Description of the task>
The answer should hold only the lines from the beginning of the listing below to the line containing "Fascinating miniature wooden", both included, with every picture left out.

Dataset records>
----
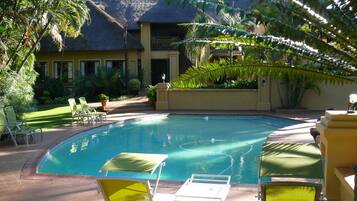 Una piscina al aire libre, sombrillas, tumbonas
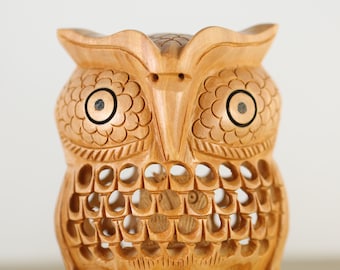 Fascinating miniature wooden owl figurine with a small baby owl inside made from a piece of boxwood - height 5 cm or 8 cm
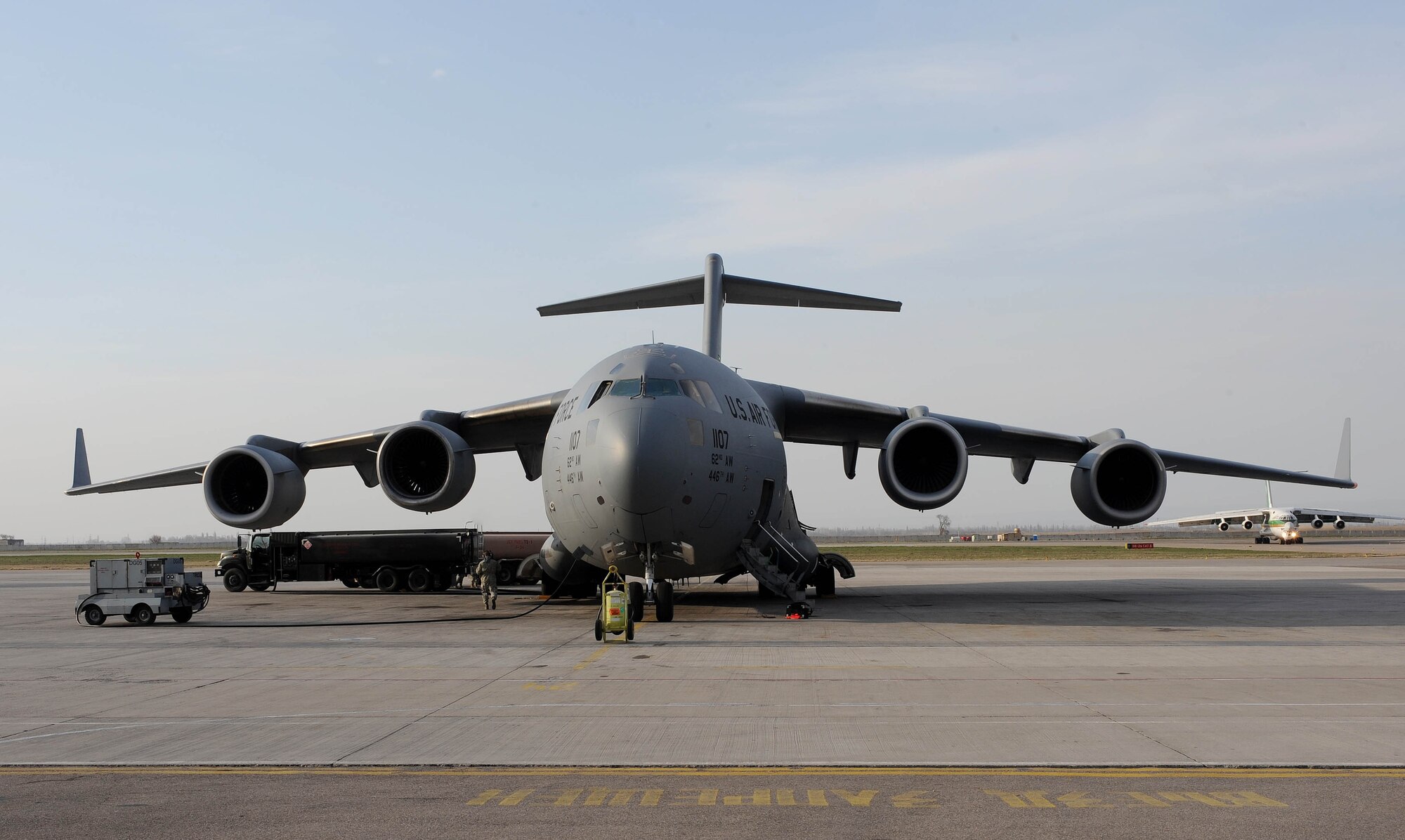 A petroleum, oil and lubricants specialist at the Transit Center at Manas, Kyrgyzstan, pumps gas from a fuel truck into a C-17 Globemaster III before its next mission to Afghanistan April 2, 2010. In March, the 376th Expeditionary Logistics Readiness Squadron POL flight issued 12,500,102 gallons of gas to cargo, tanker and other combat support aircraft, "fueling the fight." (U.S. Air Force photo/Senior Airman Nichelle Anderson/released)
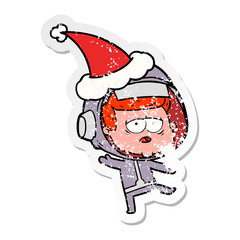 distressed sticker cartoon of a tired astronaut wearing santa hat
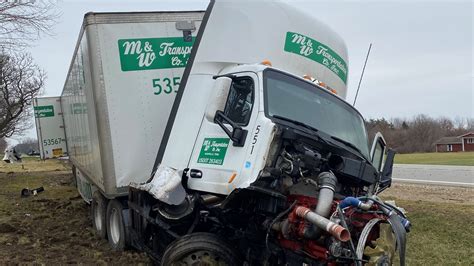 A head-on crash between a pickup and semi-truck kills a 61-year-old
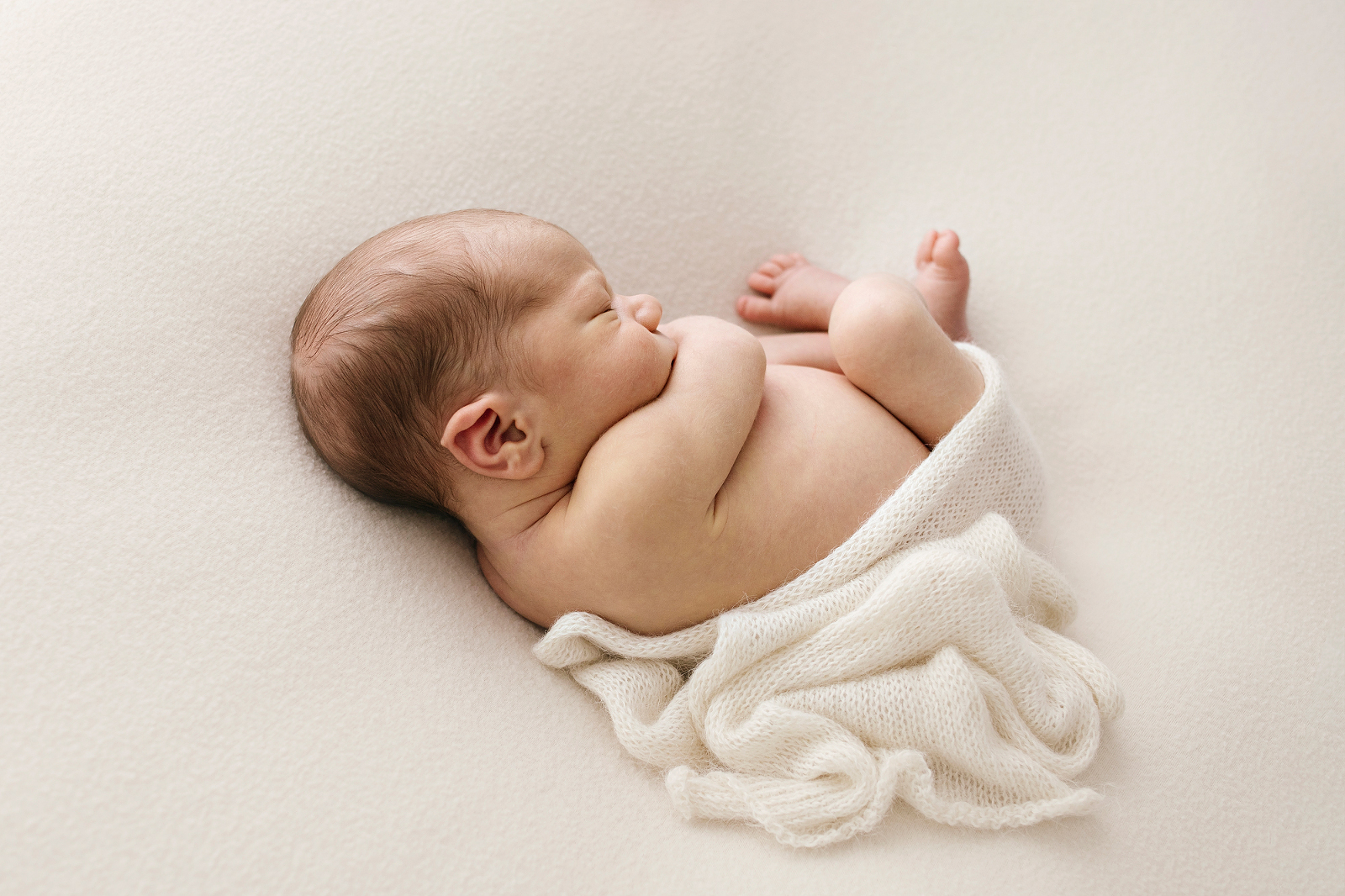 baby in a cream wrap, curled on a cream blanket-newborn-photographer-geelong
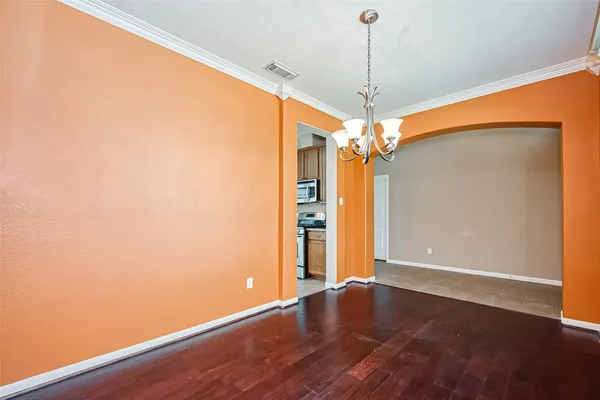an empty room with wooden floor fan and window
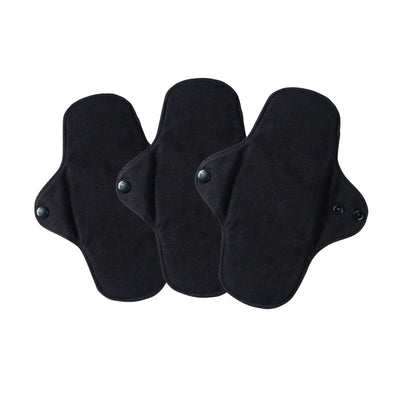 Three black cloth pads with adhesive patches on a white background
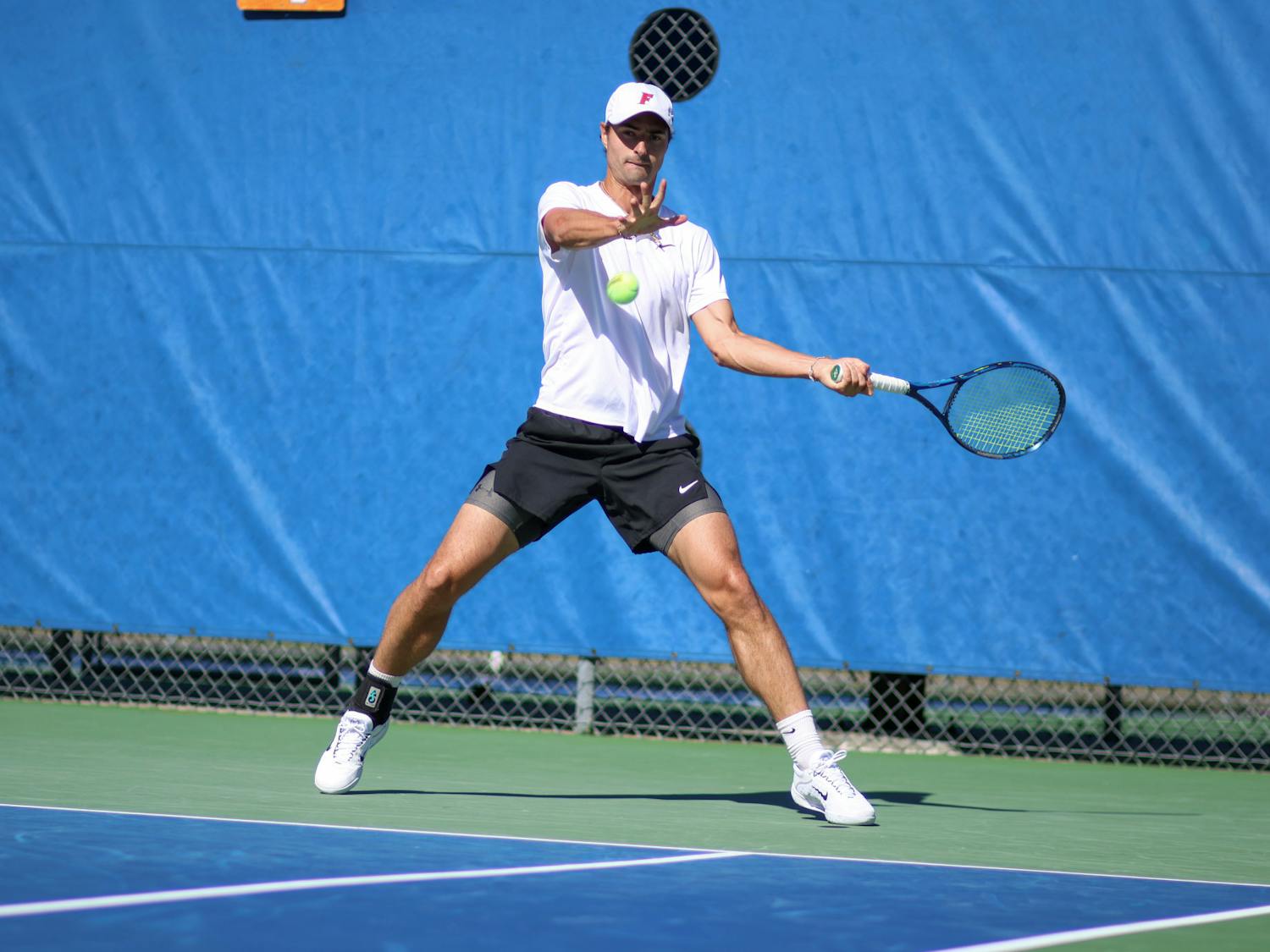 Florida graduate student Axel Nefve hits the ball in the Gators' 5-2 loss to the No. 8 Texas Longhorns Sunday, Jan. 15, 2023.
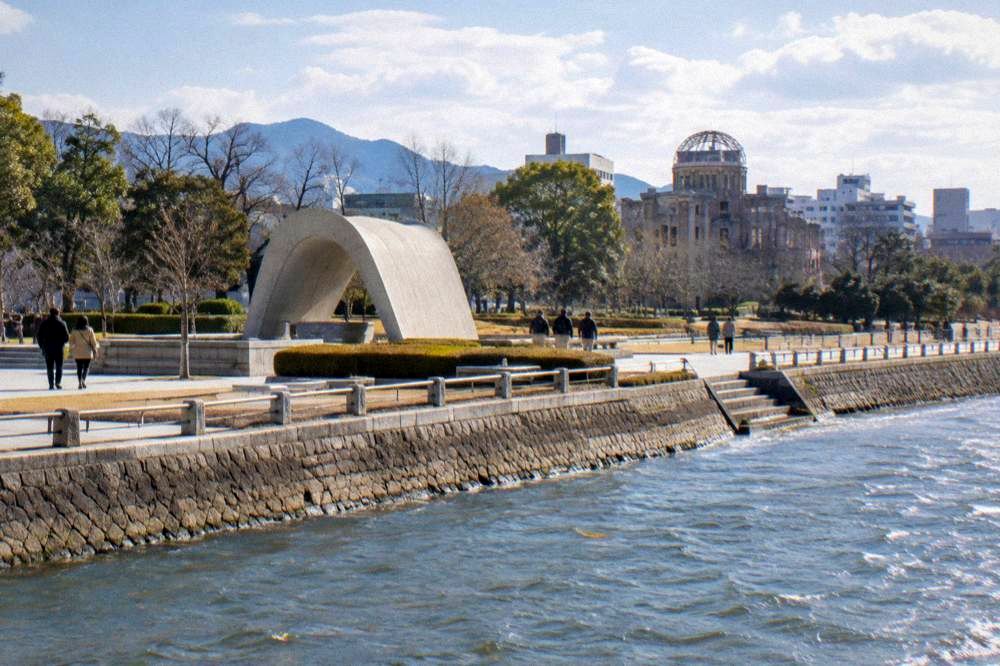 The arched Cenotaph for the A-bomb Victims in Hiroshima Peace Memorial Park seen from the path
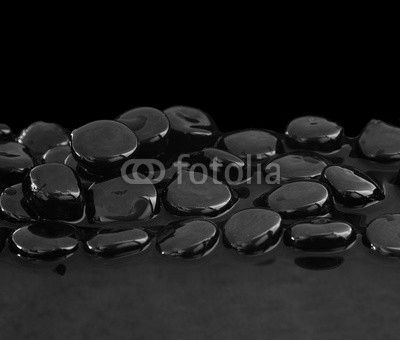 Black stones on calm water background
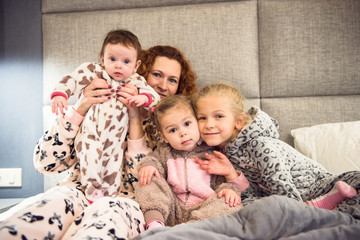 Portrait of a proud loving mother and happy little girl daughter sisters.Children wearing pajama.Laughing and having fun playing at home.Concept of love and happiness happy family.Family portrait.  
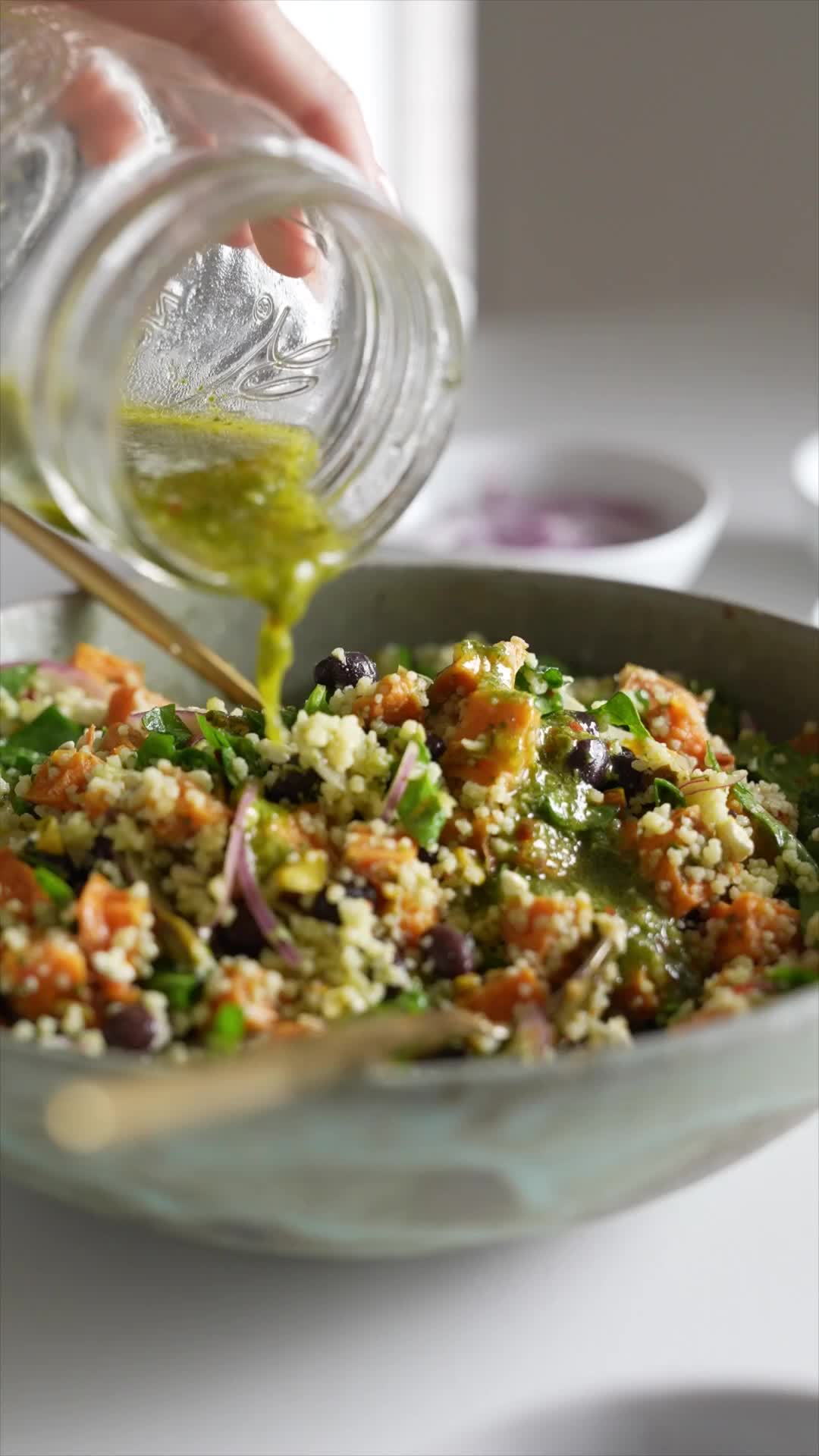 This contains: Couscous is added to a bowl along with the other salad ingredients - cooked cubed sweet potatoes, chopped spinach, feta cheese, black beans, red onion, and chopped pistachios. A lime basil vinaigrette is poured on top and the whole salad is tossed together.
----
Task solution>
 Una piscina al aire libre, sombrillas, tumbonas
 Fascinating miniature wooden owl figurine with a small baby owl inside made from a piece of boxwood - height 5 cm or 8 cm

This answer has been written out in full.